Entries provided:
»»

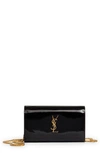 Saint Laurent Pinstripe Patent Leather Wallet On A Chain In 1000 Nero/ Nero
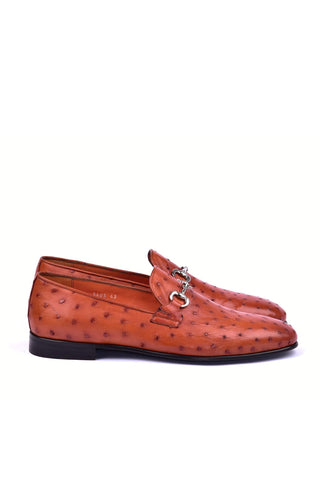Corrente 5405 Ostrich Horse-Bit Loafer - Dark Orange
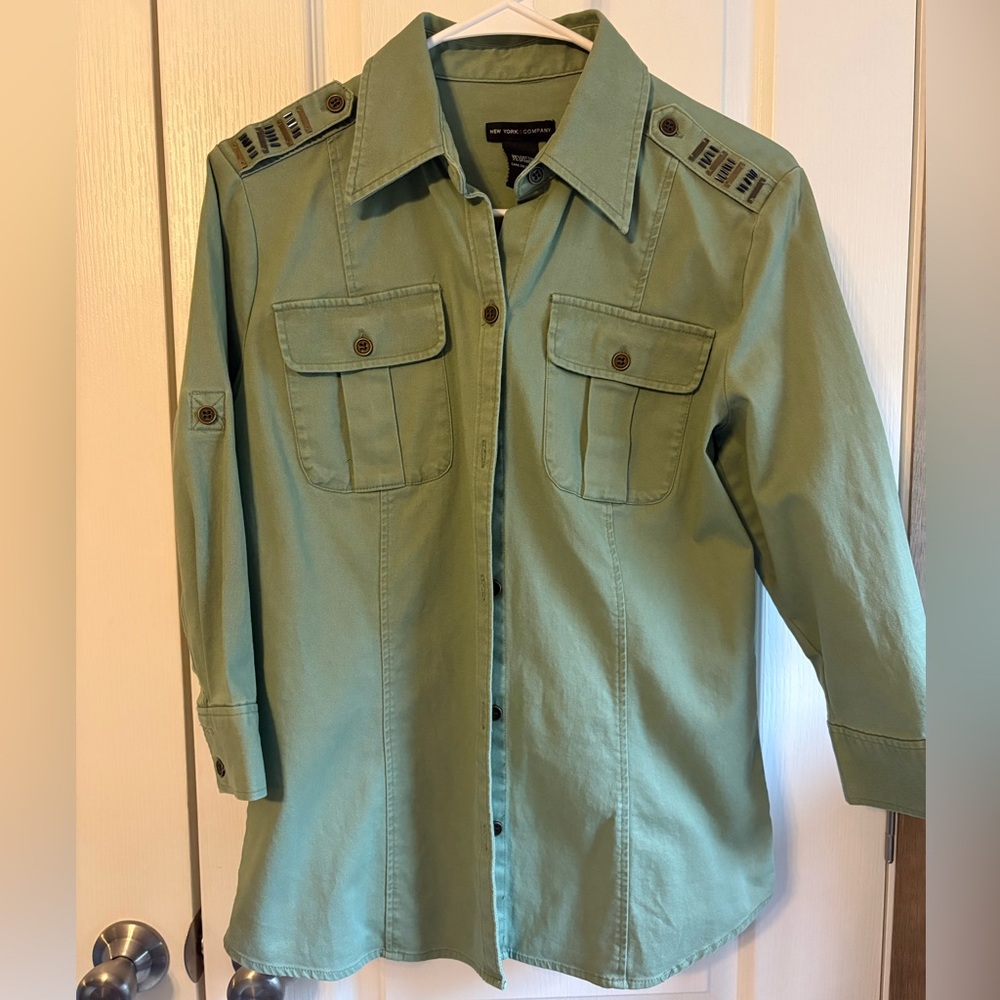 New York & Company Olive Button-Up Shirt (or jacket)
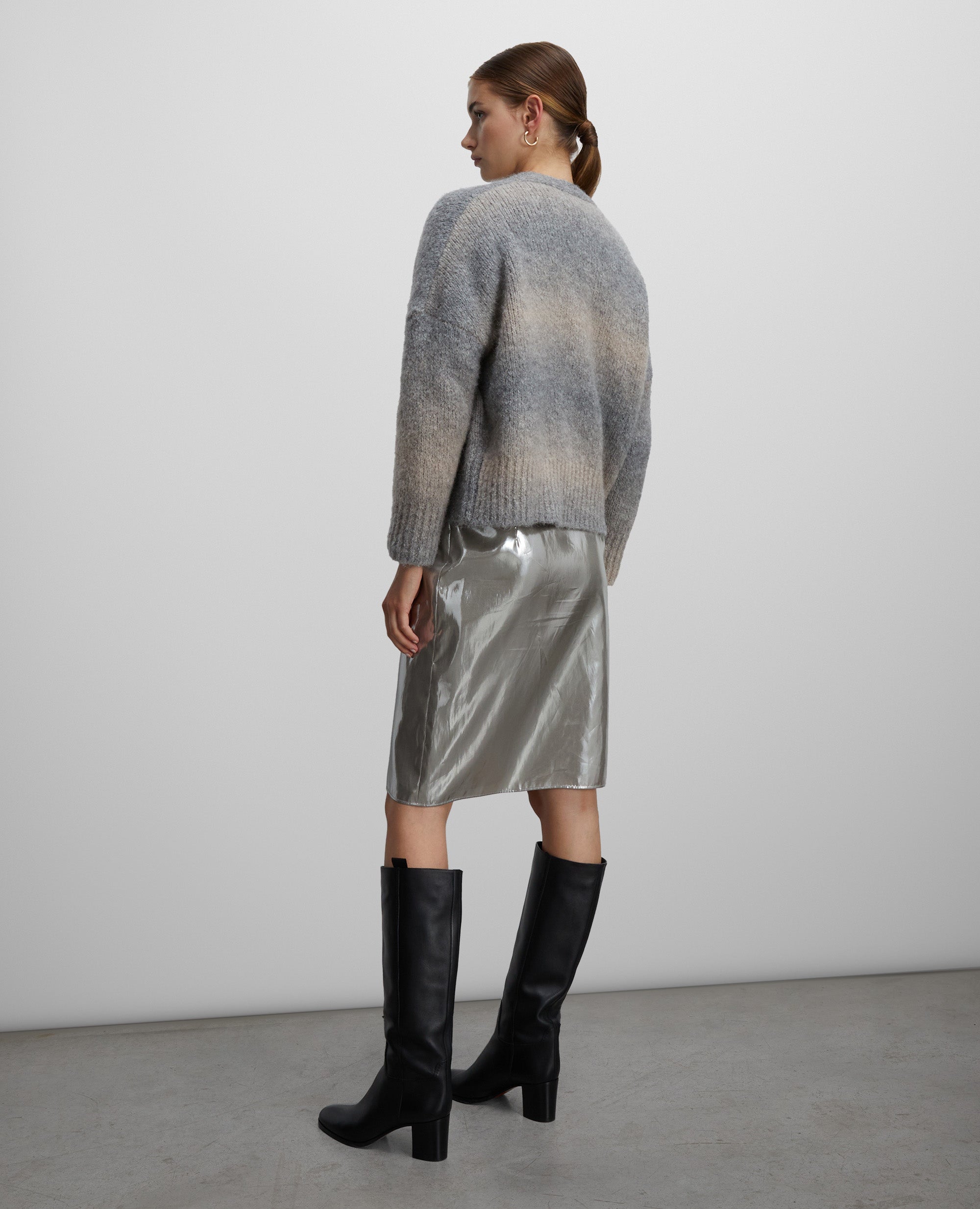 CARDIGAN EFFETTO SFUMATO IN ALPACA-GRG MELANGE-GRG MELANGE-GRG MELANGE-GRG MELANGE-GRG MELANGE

««
»»

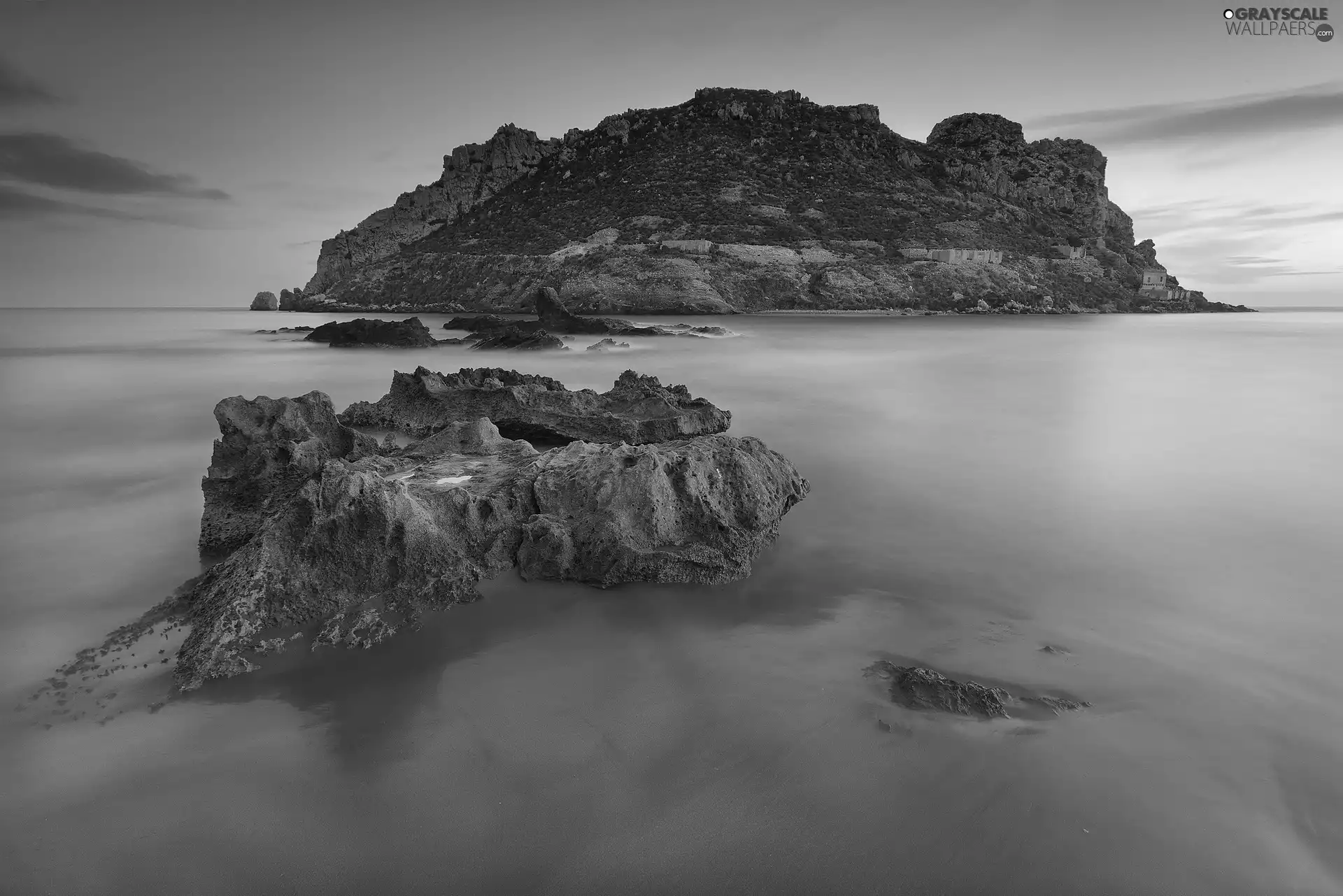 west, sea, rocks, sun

««

Work to be completed: Within the entries above, give again exactly the lines starting at the one that contains "Saint Laurent Pinstripe" and ending at the one that contains "CARDIGAN EFFETTO SFUMATO", leaving out the pictures.

Answer box:
 Saint Laurent Pinstripe Patent Leather Wallet On A Chain In 1000 Nero/ Nero
Corrente 5405 Ostrich Horse-Bit Loafer - Dark Orange
 New York & Company Olive Button-Up Shirt (or jacket)
 CARDIGAN EFFETTO SFUMATO IN ALPACA-GRG MELANGE-GRG MELANGE-GRG MELANGE-GRG MELANGE-GRG MELANGE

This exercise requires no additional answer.